To analyze the serology and molecular markers of the hepatitis B-infected patients from the tertiary care hospital at Kathmandu in Nepal.
A total of 399 blood samples of patients from Sukraraj Tropical and Infectious Disease Hospital, Teku, Kathmandu, were collected. Samples were tested for HBsAg, HBeAg, and IgM anti-HBc using ELISA method. The samples were further categorized as acute and chronic. The genotyping was performed by real-time polymerase chain reaction (real-time PCR) and further validated by sequencing.

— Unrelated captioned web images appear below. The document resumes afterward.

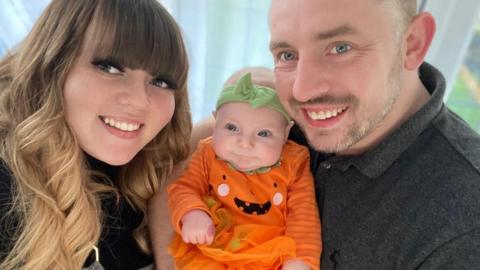 Demi-Louise Bailey with her partner and their baby girl Harper
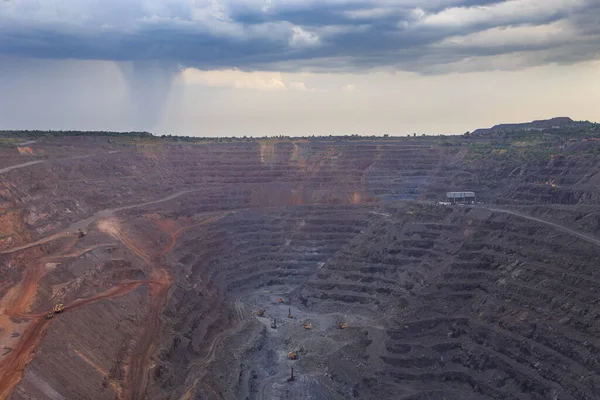 露天掘り鉄鉱石採掘 プロセス中にリグや掘削機をドリル 重鋼産業の初期生産チェーン 採石場の上に雷雨の雲 — ストック写真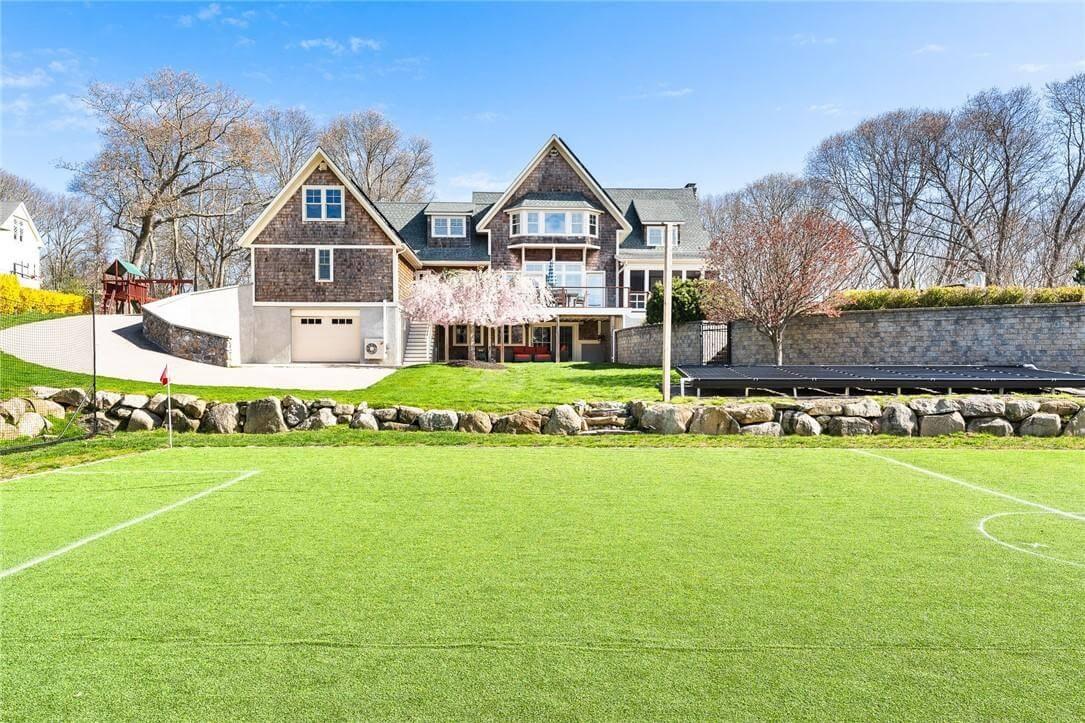 Explore the Expansive Backyard Complete with a Private Sports Field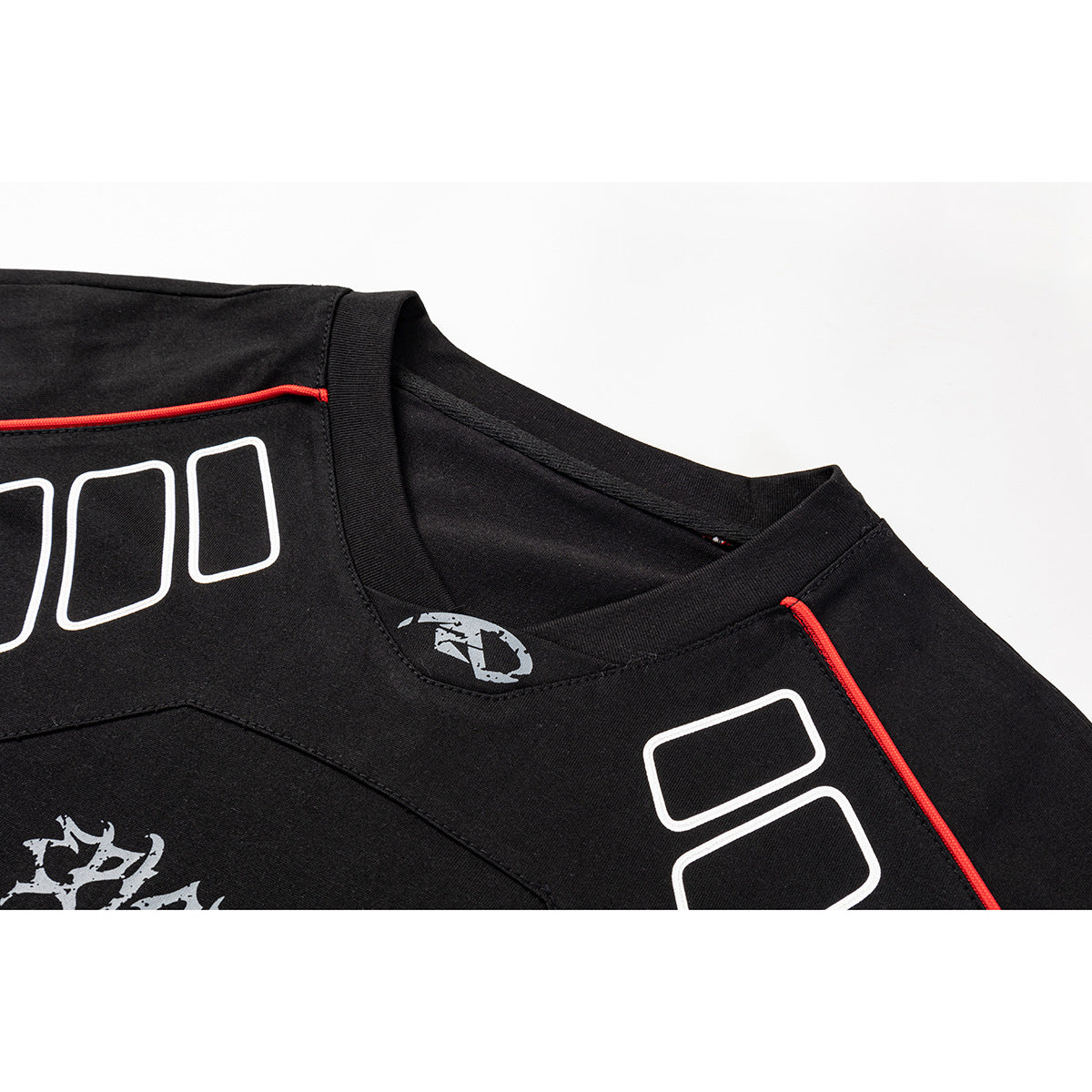 Close-up of a black shirt neckline and shoulder with red piping, white outlined graphics, and gray printed artwork.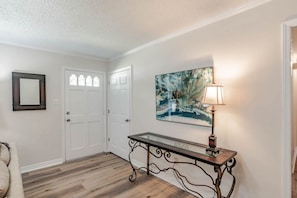 A hallway with a wooden floor, white walls, a glass-top console table with a lamp, and a framed abstract painting. - Johnson Oaks (Mobile)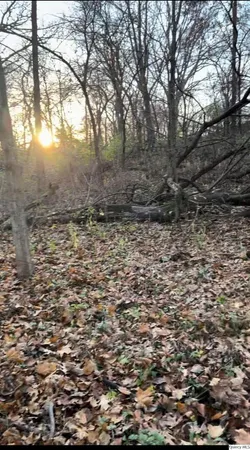 a sign that is sitting on a brick wall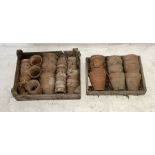 A collection of small terracotta pots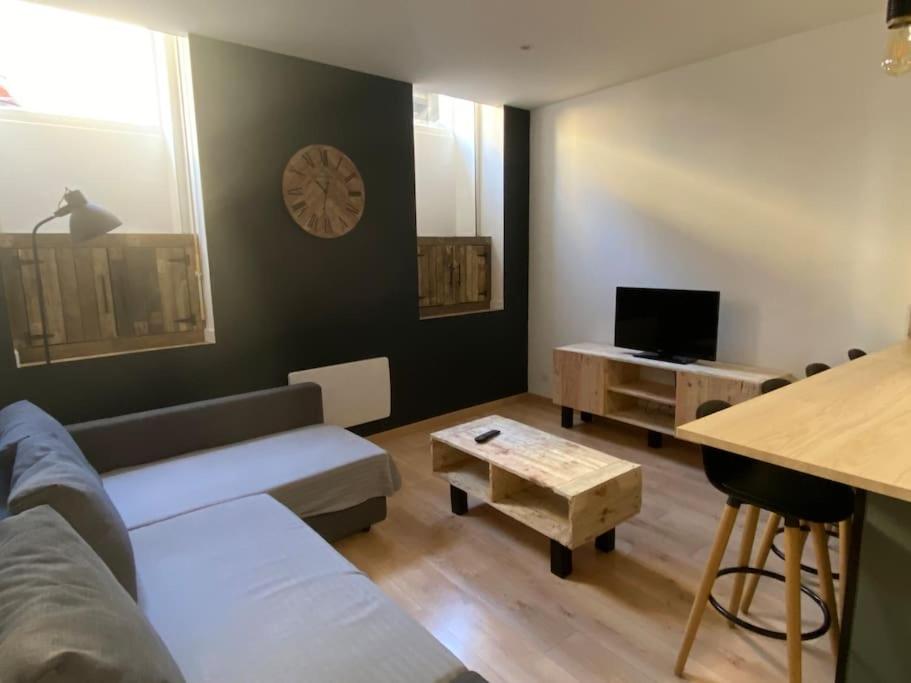 ein Wohnzimmer mit einem Sofa und einem Tisch in der Unterkunft T2 4 places 4min à pied Château in Pau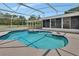 Private screened-in pool with patio and access to indoor living spaces at 25305 Mardon Cir, Paisley, FL 32767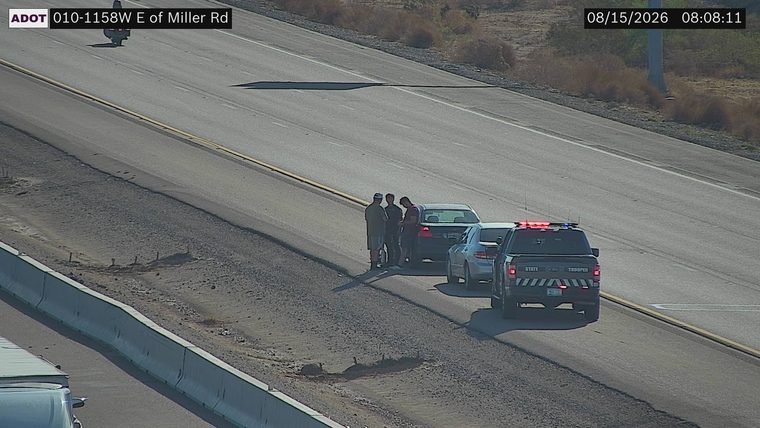 State Trooper vehicle with red and blue lights on the right shoulder next to a stopped car with three individuals standing nearby
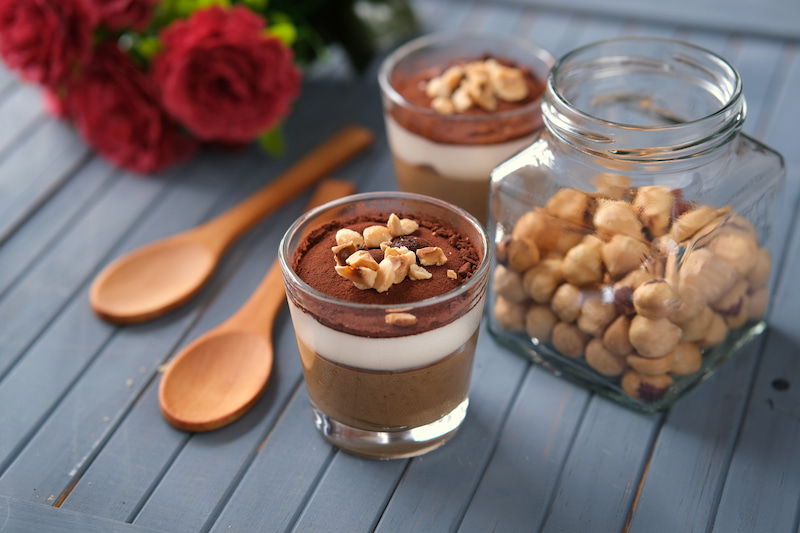 deux verres de dessert au chocolat en couches garnis de noix sont posés sur une table en bois bleu à côté de deux cuillères en bois et d'un pot de noisettes avec des fleurs rouges en arrière plan.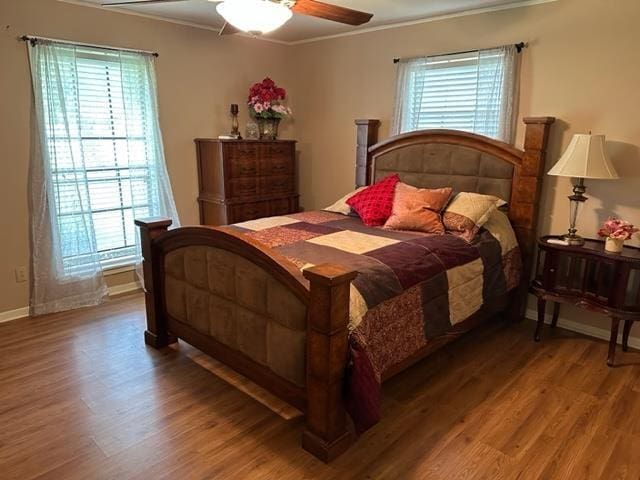 bedroom featuring ceiling fan, wood-type flooring, and ornamental molding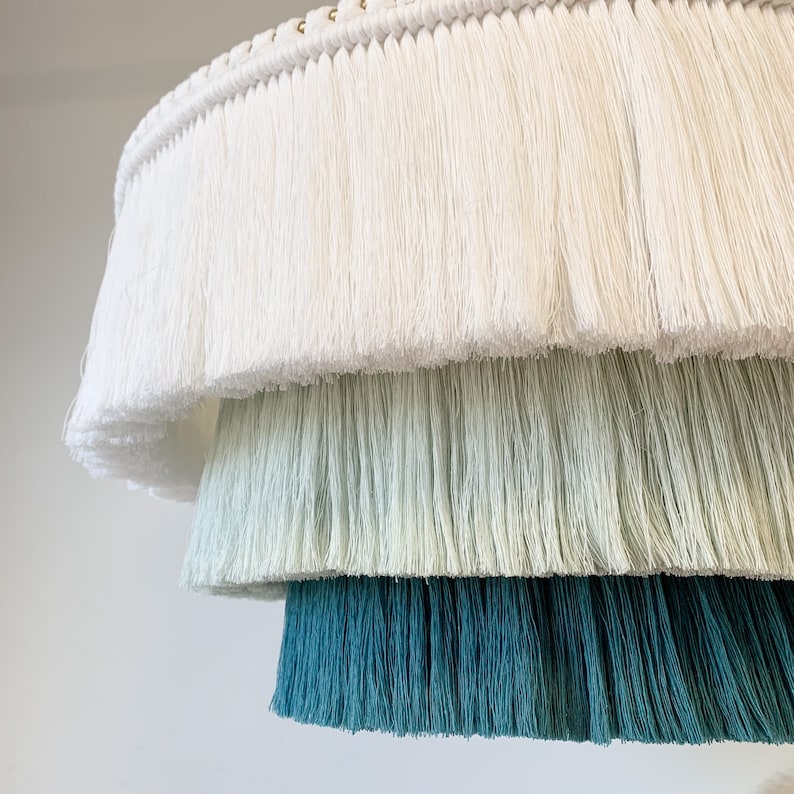 May include: A tiered, fringed lampshade in shades of white, green, and teal. The layers of fringe create a textured, decorative effect. The top layer is white, followed by a light green, and a deep teal at the bottom. The lamp is suspended from a white cord.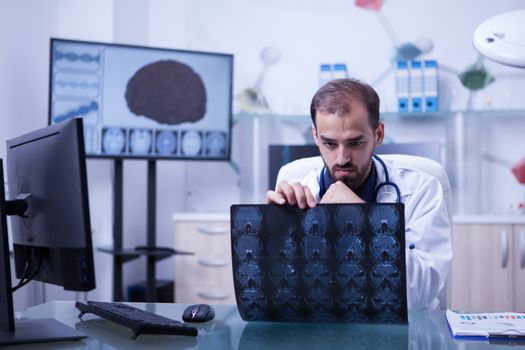 Handsome bearded doctor looking at a brain radiography. Doctor sitting at his desk in a cabinet checking a brain ct scan.
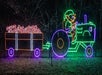 A neon holiday light display shows an elf driving a tractor pulling a trailer filled with candy canes.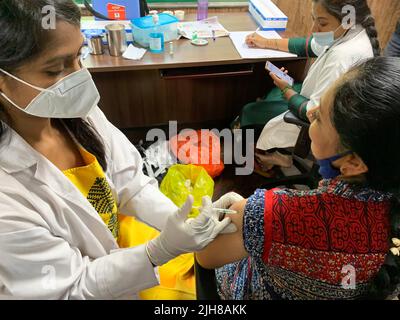 Bangalore, India. 16th luglio 2022. Un operatore sanitario inocula una donna con una dose di richiamo del vaccino COVID-19 a Bangalore, India, 16 luglio 2022. Il governo indiano venerdì ha iniziato un viaggio speciale di 75 giorni per somministrare COVID-19 dosi di richiamo a tutti gli adulti di età superiore ai 18 anni. Credit: Str/Xinhua/Alamy Live News Foto Stock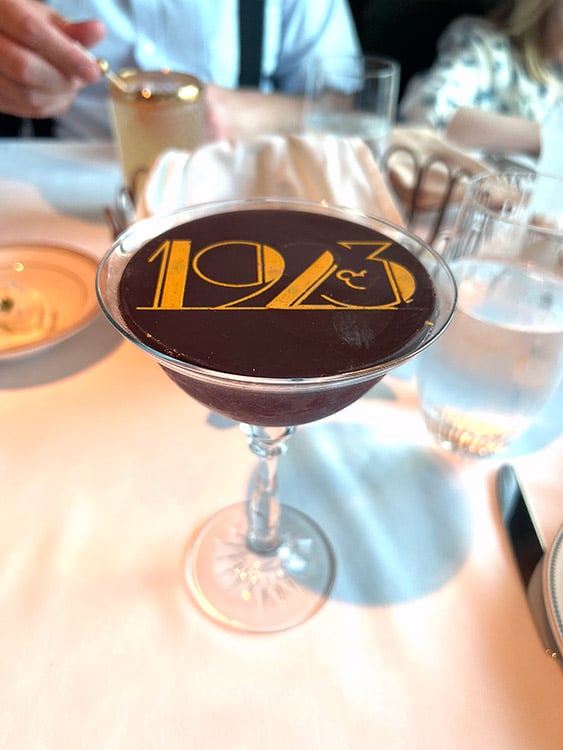 the Buena Vista Boulevardier cocktail with chocolate disc topper from the 1923 restaurant on the Disney Wish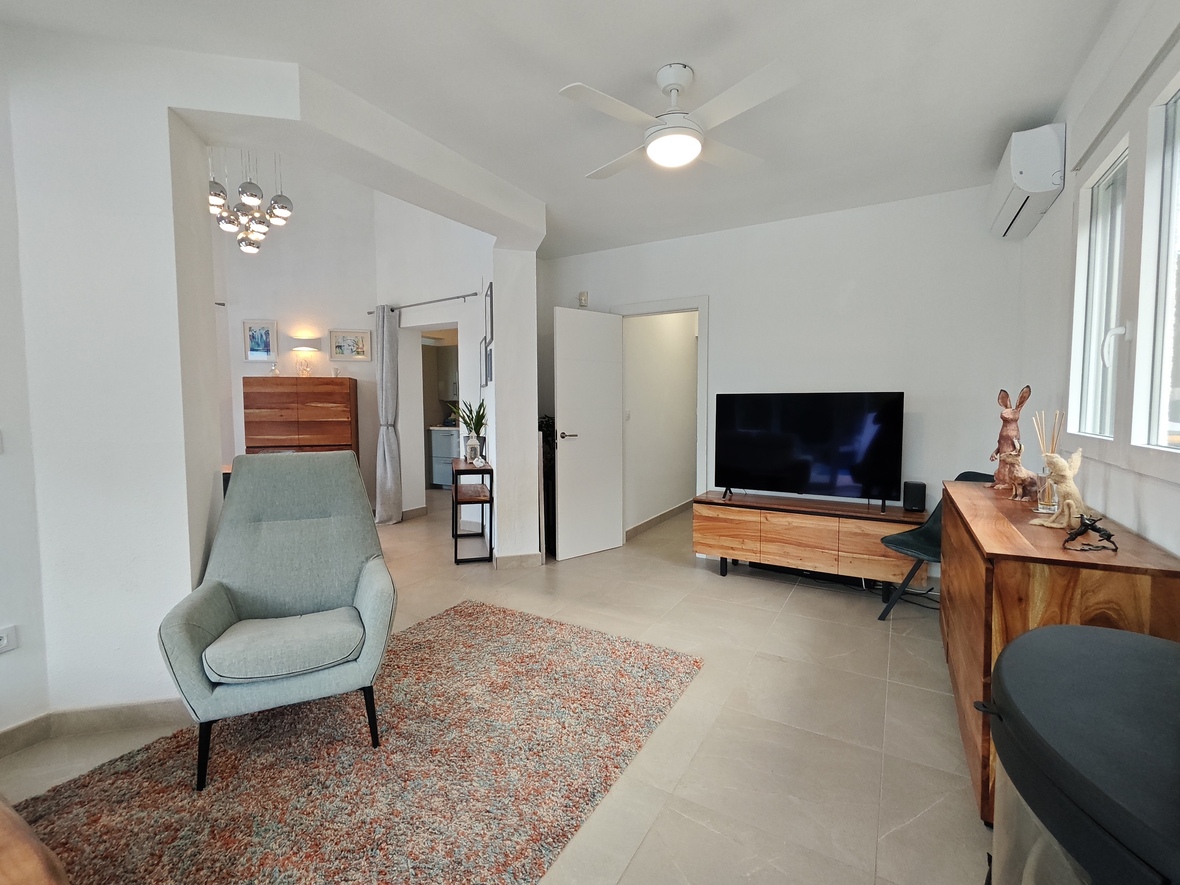 Heller Wohnbereich mit Polstersessel, TV-Möbeln aus Naturholz und Flachbildfernseher. Ausgestattet mit Deckenventilator, Klimaanlage und hellen Fliesenböden.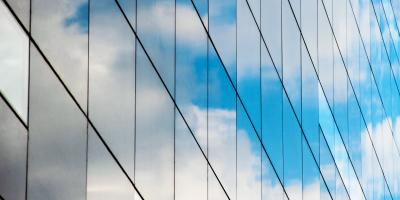 Reflection of blue cloudy sky in glass building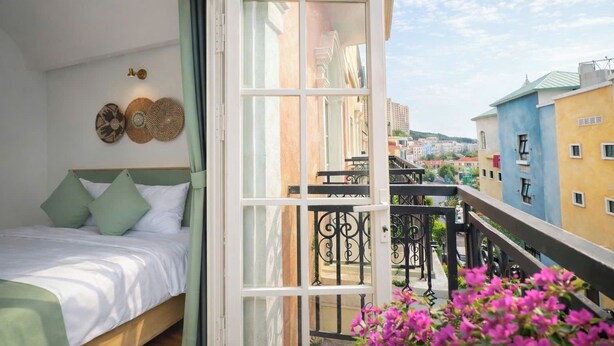 Ein Balkon mit einem Bett, Blick auf die Stadt und einer Brüstung.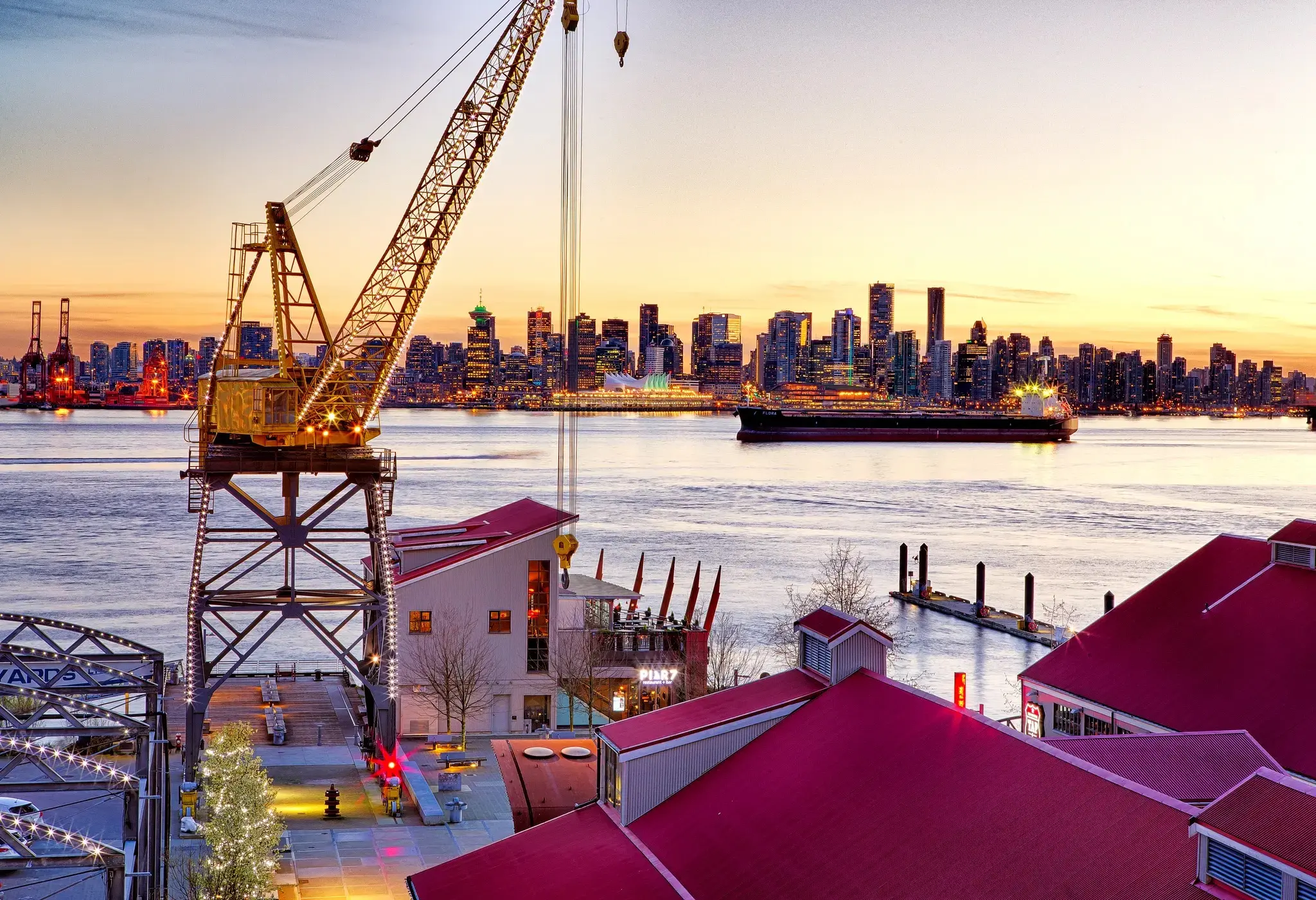 Lower Lonsdale dock at sunset with a crane, a barge in the ocean, and skyscrapers against a sunrise.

Out of 399 samples that were collected, 271 and 128 samples were acute and chronic cases respectively. Fifty-six samples were genotyped by qPCR, out of which 40 samples belonged to genotype D, 4 to C/D recombinant, 5 to genotype C, 3 to genotype B, and 4 were genotype A respectively. From these, 15 samples were used for sequencing of P (polymerase) gene and S (surface) genes. Thus, obtained sequences were used to construct neighbor-joining tree using Tamura-Nei model evolution and further validated by Bayesian analysis. A total of four sub-genotypes namely A1, C1, D1, and D5 were detected.
Hepatitis B virus infection is a global health problem affecting about 257 million people worldwide. In Nepal, there are few reports on the molecular and phylogenetic analysis of this virus. In this study, we report the circulation of seropositive occult hepatitis as well as CD-recombinant genotype in Nepalese population.